##### DATA SUPPLIED #####
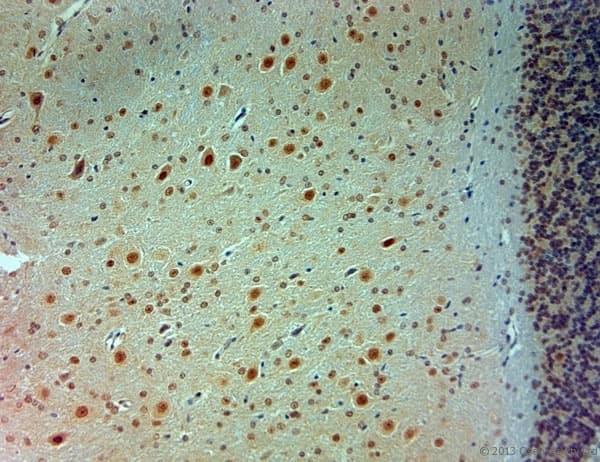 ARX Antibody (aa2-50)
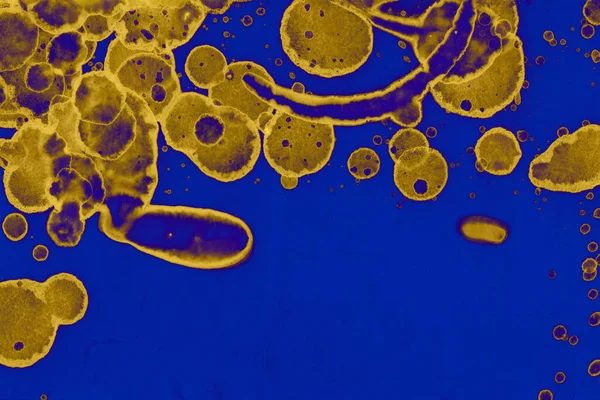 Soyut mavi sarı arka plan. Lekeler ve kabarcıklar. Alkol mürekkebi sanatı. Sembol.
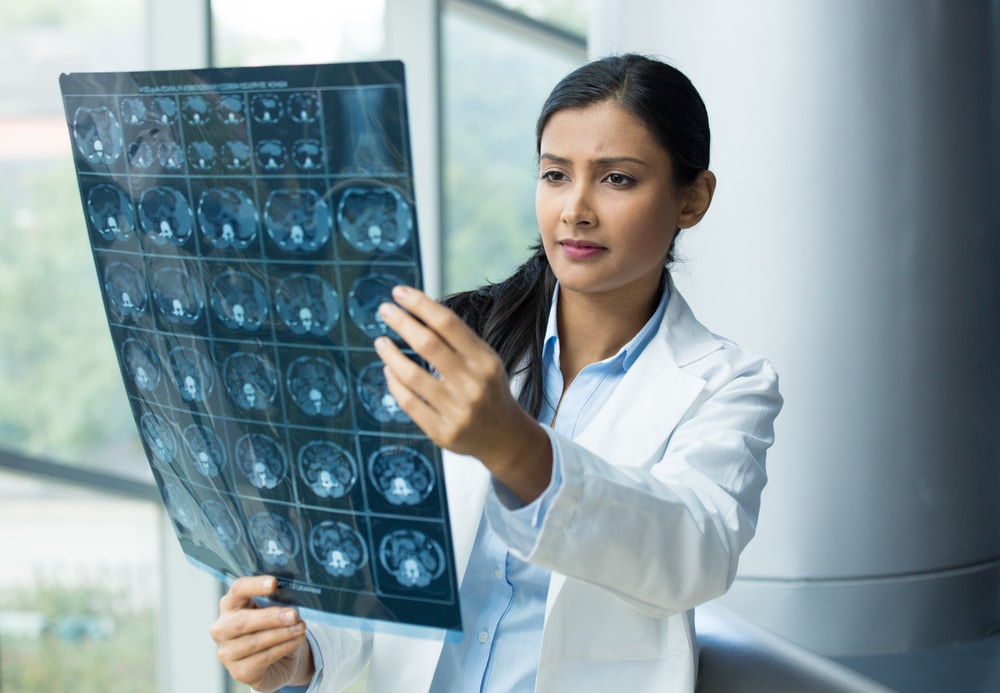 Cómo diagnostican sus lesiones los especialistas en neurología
#####
##### DATA SUPPLIED #####
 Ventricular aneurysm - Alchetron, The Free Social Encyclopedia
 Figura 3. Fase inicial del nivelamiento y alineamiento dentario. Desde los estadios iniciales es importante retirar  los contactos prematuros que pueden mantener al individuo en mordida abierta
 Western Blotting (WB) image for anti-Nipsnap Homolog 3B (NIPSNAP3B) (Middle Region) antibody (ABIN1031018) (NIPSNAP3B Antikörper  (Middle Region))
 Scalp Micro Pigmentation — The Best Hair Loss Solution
#####
##### DATA SUPPLIED #####
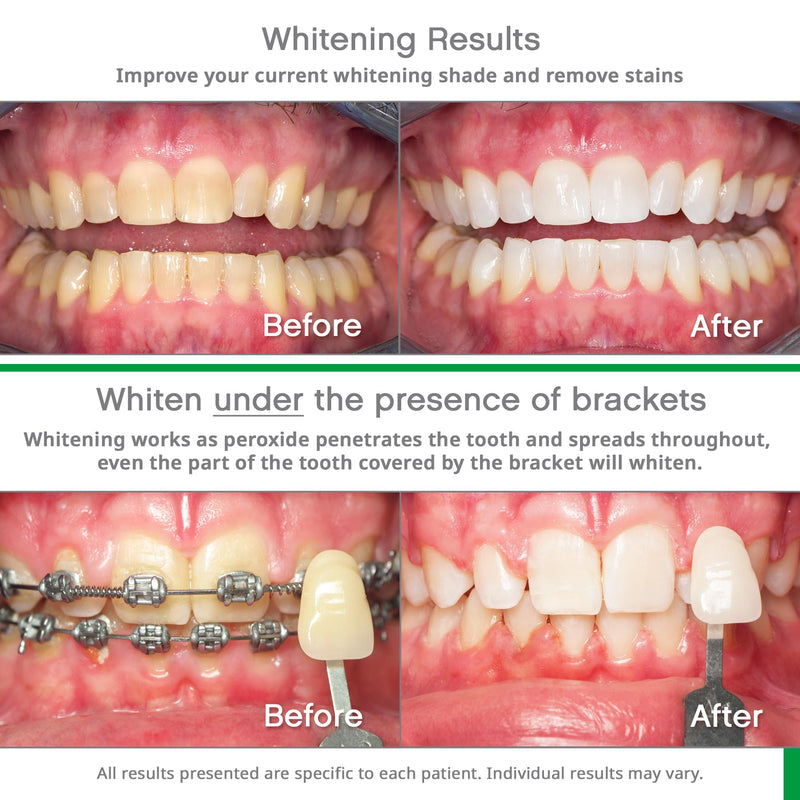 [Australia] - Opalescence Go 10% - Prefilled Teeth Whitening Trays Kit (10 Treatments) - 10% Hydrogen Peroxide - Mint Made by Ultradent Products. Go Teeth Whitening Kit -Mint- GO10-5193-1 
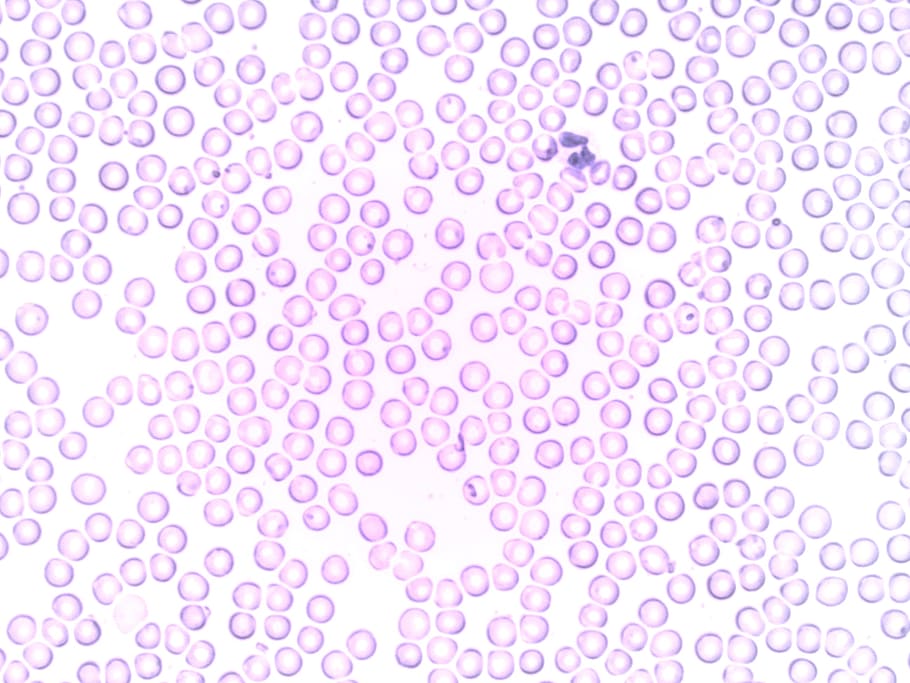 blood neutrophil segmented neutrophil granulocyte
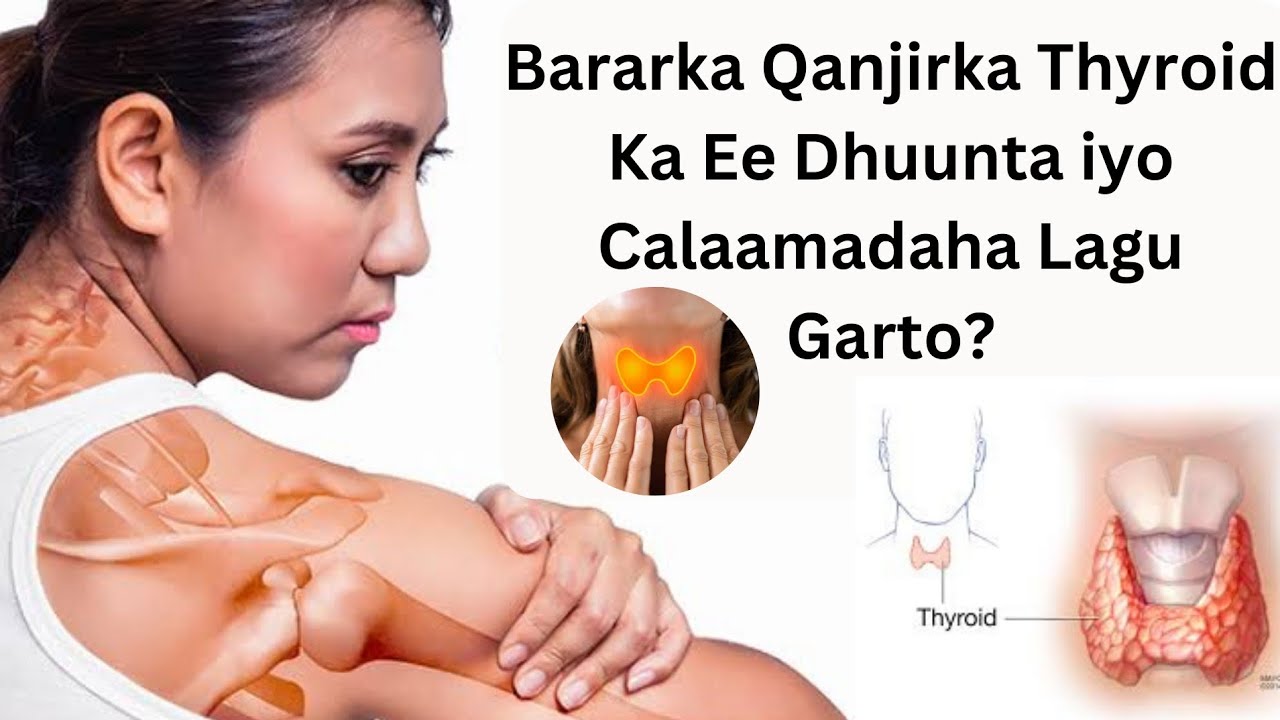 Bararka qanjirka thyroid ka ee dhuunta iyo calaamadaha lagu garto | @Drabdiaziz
#####
▸ TASK BRIEF: Only one stretch of the records above is wanted: the lines between the one holding "Figura 3. Fase" and the one holding "Scalp Micro Pigmentation", inclusive, reproduced exactly.

▸ THE ANSWER:
 Figura 3. Fase inicial del nivelamiento y alineamiento dentario. Desde los estadios iniciales es importante retirar  los contactos prematuros que pueden mantener al individuo en mordida abierta
 Western Blotting (WB) image for anti-Nipsnap Homolog 3B (NIPSNAP3B) (Middle Region) antibody (ABIN1031018) (NIPSNAP3B Antikörper  (Middle Region))
 Scalp Micro Pigmentation — The Best Hair Loss Solution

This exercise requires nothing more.